In het kader van het overleg als bedoeld in artikel 3.1.1 van het Besluit ruimtelijke ordening is het bestemmingsplan toegestuurd naar de vaste overlegpartners. Op dit plan hebben het Hoogheemraadschap van Delfland, Veiligheidsregio Haaglanden en Tennet gereageerd. De vooroverlegrecties zijn samengevat en beantwoord in bijlage 18. Deze vooroverlegreacties hebben geleid tot aanpassingen in het bestemmingsplan.

Zienswijze

Het ontwerpbestemmingsplan heeft voor een periode van 6 weken, van 13 oktober 2023 tot en met 23 november 2023, voor een ieder ter inzage gelegen.

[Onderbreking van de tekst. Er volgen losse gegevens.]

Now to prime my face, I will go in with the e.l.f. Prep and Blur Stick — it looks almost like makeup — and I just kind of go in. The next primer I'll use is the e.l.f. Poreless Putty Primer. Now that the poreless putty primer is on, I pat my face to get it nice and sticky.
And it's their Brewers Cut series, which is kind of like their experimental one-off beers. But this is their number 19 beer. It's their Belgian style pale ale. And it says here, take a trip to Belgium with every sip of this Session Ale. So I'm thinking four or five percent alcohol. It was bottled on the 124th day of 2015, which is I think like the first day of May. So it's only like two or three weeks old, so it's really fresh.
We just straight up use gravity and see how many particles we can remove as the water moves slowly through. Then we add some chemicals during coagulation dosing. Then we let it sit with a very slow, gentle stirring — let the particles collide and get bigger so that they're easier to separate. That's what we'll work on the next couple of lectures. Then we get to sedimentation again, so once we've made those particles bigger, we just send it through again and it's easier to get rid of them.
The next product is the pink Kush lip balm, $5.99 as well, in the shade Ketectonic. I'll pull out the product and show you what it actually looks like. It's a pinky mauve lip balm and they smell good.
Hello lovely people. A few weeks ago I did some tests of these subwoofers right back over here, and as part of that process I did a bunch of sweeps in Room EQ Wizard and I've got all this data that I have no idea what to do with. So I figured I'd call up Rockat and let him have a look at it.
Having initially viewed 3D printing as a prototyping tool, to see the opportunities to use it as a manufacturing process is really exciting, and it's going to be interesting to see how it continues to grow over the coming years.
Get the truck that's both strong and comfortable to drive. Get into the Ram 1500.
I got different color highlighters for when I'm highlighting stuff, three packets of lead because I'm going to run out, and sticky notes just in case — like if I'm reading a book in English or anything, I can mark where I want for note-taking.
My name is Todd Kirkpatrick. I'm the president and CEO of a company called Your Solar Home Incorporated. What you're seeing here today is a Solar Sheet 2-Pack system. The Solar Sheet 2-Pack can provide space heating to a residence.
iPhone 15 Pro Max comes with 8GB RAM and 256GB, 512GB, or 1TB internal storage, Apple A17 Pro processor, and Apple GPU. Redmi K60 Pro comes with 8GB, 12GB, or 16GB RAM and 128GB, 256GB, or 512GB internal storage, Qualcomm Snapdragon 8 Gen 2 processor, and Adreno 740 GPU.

Gedurende deze periode kon iedereen over het ontwerpbestemmingsplan een schriftelijke of mondelinge zienswijze indienen. Van deze mogelijkheid is geen gebruik gemaakt.

Vaststelling

Het bestemmingsplan is vervolgens, gewijzigd vastgesteld. Het besluit tot vaststelling wordt gepubliceerd en het bestemmingsplan ligt zes weken ter inzage. Tijdens die periode bestaat de mogelijkheid beroep bij de Afdeling bestuursrechtspraak van de Raad van State in te dienen tegen het besluit en het plan.